→ WHAT THE TASK REQUIRES
Please repeat the listing below exactly, but do not include its pictures.

→ AVAILABLE DATA
****

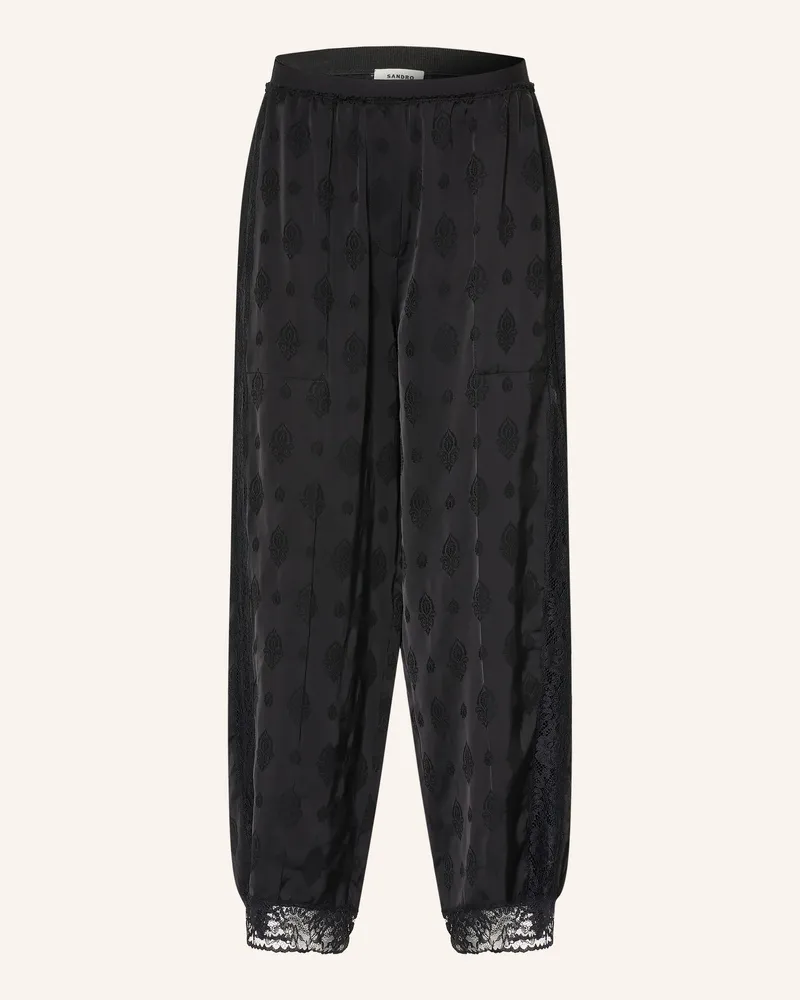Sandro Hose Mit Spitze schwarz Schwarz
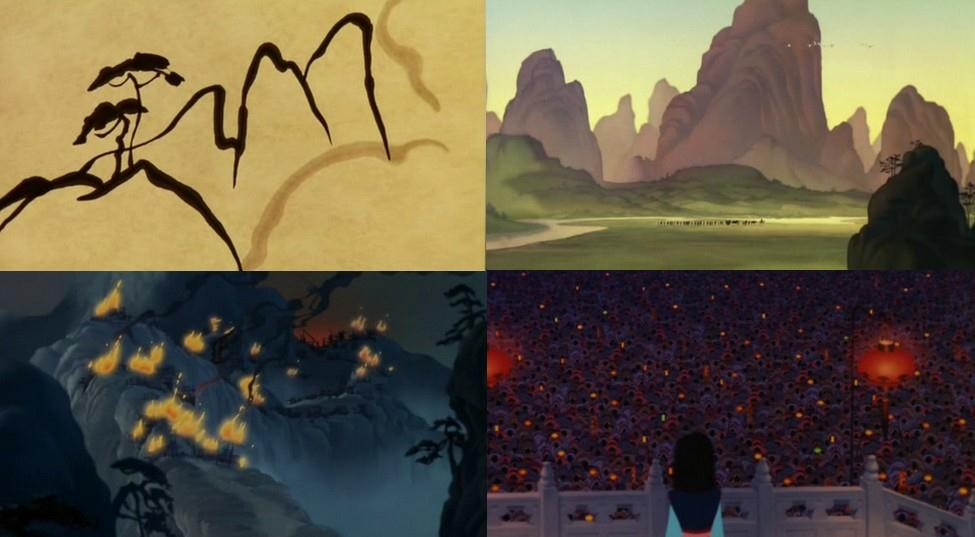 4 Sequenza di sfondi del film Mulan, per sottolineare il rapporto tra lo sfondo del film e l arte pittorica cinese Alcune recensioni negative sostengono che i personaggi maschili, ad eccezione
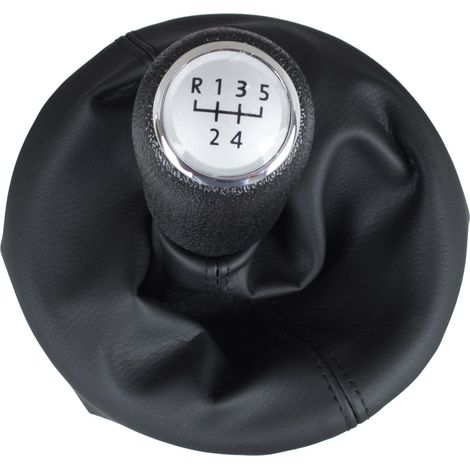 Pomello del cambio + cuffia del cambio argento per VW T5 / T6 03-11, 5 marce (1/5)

****

→ RESPONSE BELOW
Sandro Hose Mit Spitze schwarz Schwarz
 4 Sequenza di sfondi del film Mulan, per sottolineare il rapporto tra lo sfondo del film e l arte pittorica cinese Alcune recensioni negative sostengono che i personaggi maschili, ad eccezione
 Pomello del cambio + cuffia del cambio argento per VW T5 / T6 03-11, 5 marce (1/5)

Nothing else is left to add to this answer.